Lascia a bocca aperta vedere i ragazzi di domani che parlano in inglese con una fluidità inimmaginabile una generazione fa, forse frutto di stage all’estero, di potenziamenti scolastici della lingua. Lascia a bocca aperta anche il calibro degli ospiti: non solo le nostre star nazionali, dallo chef Alessandro Borghese a Luca Barbarossa, da Rocco Papaleo a Serena Autieri, ma anche i politici fanno la fila per farsi fotografare. E perfino star holliwoodiane scendono sul “blue carpet” (il tema quest’anno è l’acqua) come Paul Rudd e Evangeline Lilly, protagonisti di Ant-Man and the Wasp. In passato, fra gli altri, sono passati anche Robert De Niro, Meryl Streep, Meg Ryan e Tim Roth.
Padrino del festival, forse colui che ne ha consacrato da fortuna, Francois Truffaut, che nel 1982 giungeva sulla collina di Giffoni e si compiaceva del pubblico di giurati ragazzi, vergando di sua mano le parole che sono ora riprodotte su un muro nel centro di Giffoni, nel giardino degli aranci: “Ricordo l’atmosfera simpatica e amichevole di questa bella e unica manifestazione, tra tutti i festival, quello di Giffoni è il più necessario”.

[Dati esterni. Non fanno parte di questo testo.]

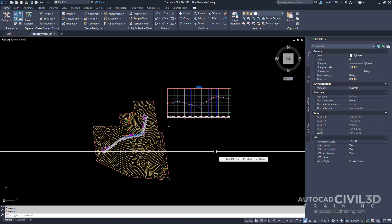You can also create, view, and edit parts lists using the toolspace settings tab. So let's go about adding a part family to the pipe network parts list.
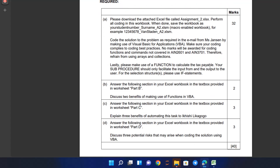Lastly, please make use of functions to calculate the tax payable. Your sub procedures should only facilitate the input and output to the user. For selection structures, please use if statements.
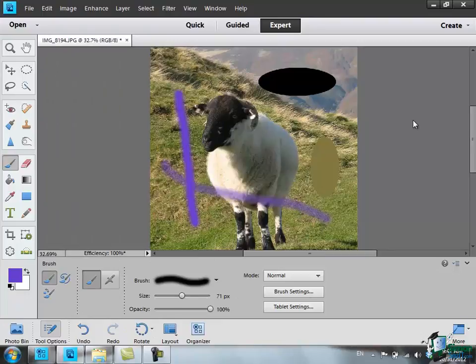In the next section, we're going to look at color and tonal corrections. So please join me for that.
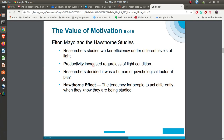Then you had Elton Mayo, a researcher out of Harvard. He was hired to go into the Hawthorne Works outside of Chicago, where they made electrical relays and equipment for phone companies. In his research, he found what he called the Hawthorne effect. They did it in three phases — the first phase was a lighting room.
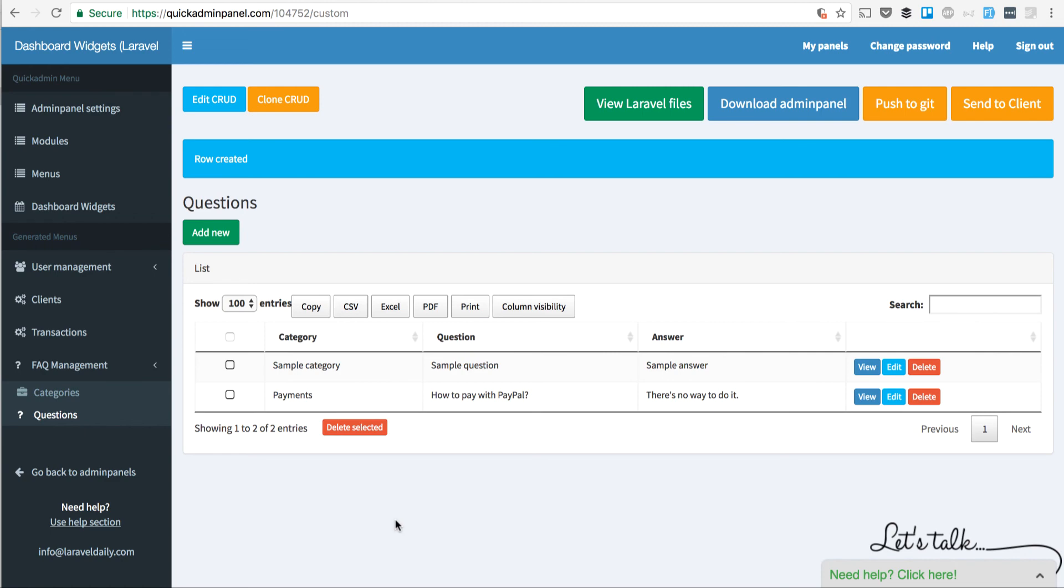and then on the front side, you can basically take that from the database and show it wherever you want. That was a quick demo of a module called FAQ Management in Quick Admin panel.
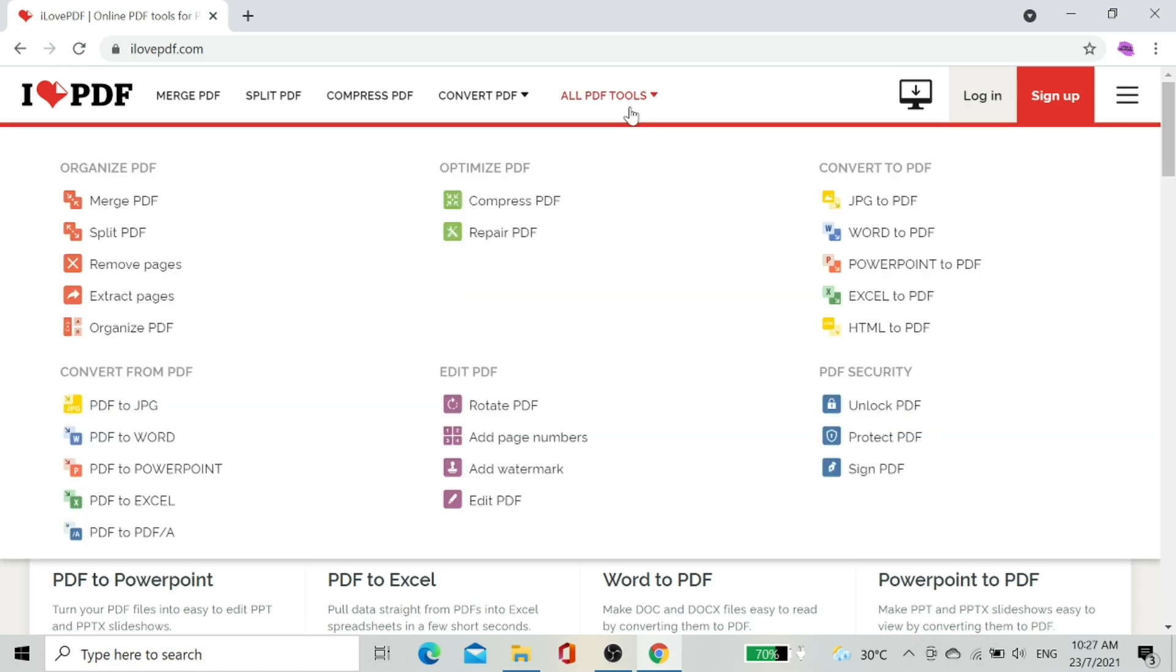In tab named All PDF Tools we're able to see all the options to edit PDF documents.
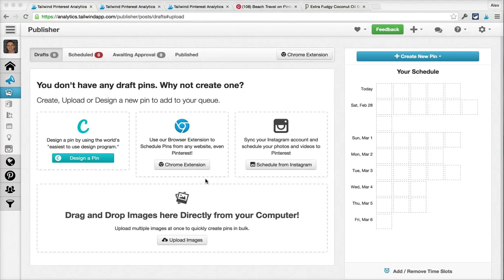Hi, I'm Alex, and I'm going to quickly show you how you can make the most out of everything that Tailwind has to offer. We'll walk you through some of our most powerful features so you can start scheduling pins like a pro in no time.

La reazione dei registi in sala è sempre forte: nessuno di loro resiste ad occhi asciutti quando sente il giovane pubblico esultare o commentare con fischi i comportamenti dei loro protagonisti. Tutti rimangono stupiti dalla serietà e acutezza delle domande. E dalle mille mani alzate della platea.

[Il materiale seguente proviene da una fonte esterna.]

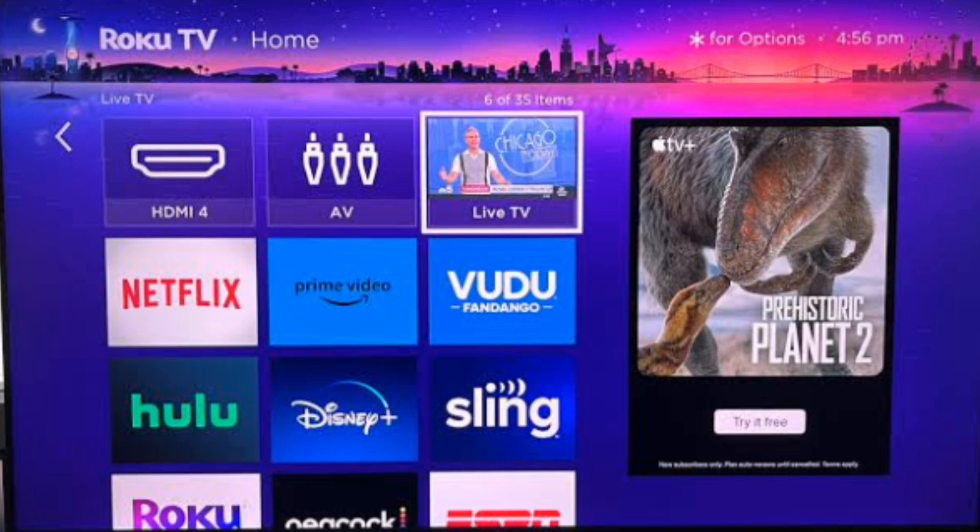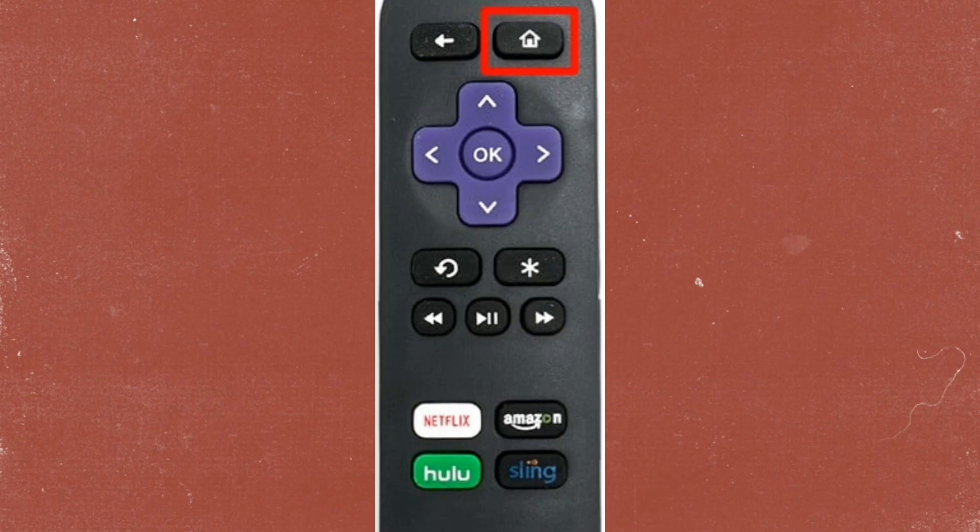Sometimes clearing the cache on your Roku can resolve issues. To do this, press the following buttons on your remote in quick succession.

Chi c’è dietro? Se lo si chiede a chi ci lavora, l’alchimia del festival viene tutta dal direttore, Claudio Gubitosi, che ha dedicato la vita a un’idea avuta da diciottenne, partendo da un semplice cineforum come tanti degli anni ’70. “Ha carisma e il potere di convincere con le sue idee”, spiega Orazio Cerino, attore di 38 anni, nato a Giffoni e cresciuto con il festival.

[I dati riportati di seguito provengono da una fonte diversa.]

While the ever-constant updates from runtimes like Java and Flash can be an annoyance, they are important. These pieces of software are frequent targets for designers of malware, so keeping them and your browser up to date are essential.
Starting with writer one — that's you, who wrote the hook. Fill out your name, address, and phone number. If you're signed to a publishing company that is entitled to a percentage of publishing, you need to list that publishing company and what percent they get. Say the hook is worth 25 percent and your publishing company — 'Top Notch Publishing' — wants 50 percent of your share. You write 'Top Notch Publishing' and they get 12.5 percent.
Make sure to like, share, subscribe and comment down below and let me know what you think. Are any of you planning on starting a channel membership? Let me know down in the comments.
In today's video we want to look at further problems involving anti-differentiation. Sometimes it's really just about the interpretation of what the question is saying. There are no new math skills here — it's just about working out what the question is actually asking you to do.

“Il direttore ama stare dietro le quinte, ma ha creato una kermesse internazionale nel cuore della Campania. A volte si guarda ai maestri come agli artisti e registi che vengono da lontano, che salgono sulla cattedra, mentre per me il maestro è stato il compagno di banco, il mio compaesano Claudio, con il suo lavoro silenzioso. Io avevo due anni quando il festival è nato”, continua Cerino, “e ricordo l’atmosfera di festa che si creava ogni estate e che il paese attendeva. Poi sono uscito da qui, ho conosciuto le grandi città, Napoli, Roma… e sono rimasto sconvolto: ma veramente Gorbachev è venuto a Giffoni Valle Piana? Ma com’è possibile? Mi sono reso conto da grande della portata di questo evento. Merito del direttore che non ha mai venduto la sua idea, ma ha voluto che restasse in questo paesino sperduto, con il nome del festival legato a Giffoni”.
Orazio, che dei contrasti ha fatto il suo lavoro, allestendo spettacoli di Fiabe in Musica, come l’ultimo “O flauto magico”, Mozart in napoletano, a Giffoni ha un compito, lavora come presentatore dei film per la platea più difficile, quella dei +10: undici e dodici anni, troppo grandi per i balletti, troppo giovani per stare seduti ad un intero film, magari dal tema difficile. E ingaggia una battaglia quotidiana contro il telefonino dei preadolescenti, che impedisce loro di godere del momento e perfino di applaudire gli ospiti.